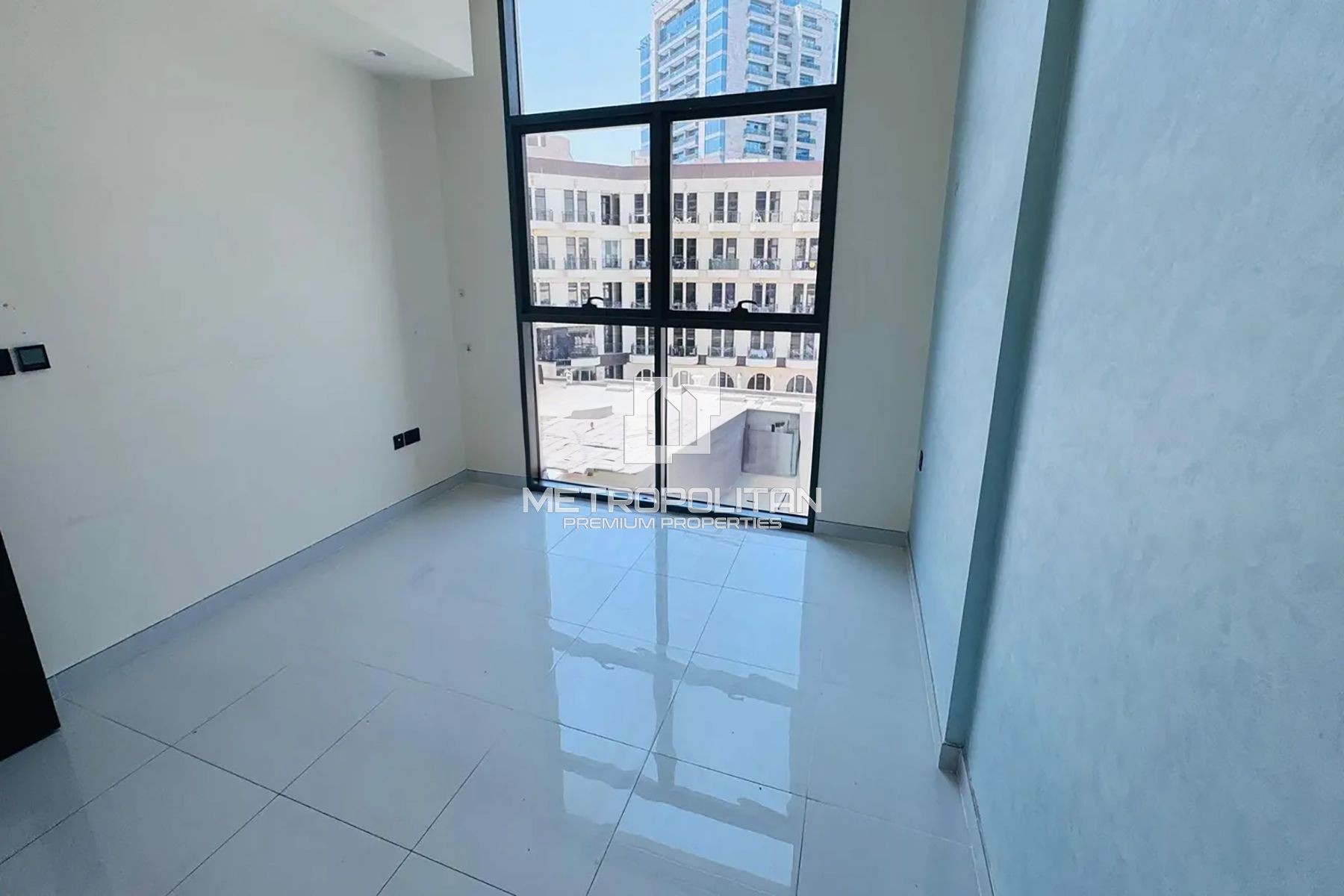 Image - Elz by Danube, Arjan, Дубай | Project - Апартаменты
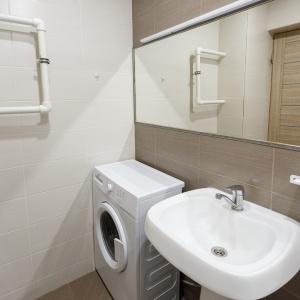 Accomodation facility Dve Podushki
...
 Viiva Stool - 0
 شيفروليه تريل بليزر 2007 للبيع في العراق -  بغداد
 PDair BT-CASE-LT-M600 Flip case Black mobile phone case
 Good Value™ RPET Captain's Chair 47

**WORK REQUEST**
Looking at the data above, return every line from the one with "شيفروليه تريل بليزر" down to the one with "Good Value™ RPET Captain's Chair 47", exactly and inclusively.

**ANSWER AREA**
 شيفروليه تريل بليزر 2007 للبيع في العراق -  بغداد
 PDair BT-CASE-LT-M600 Flip case Black mobile phone case
 Good Value™ RPET Captain's Chair 47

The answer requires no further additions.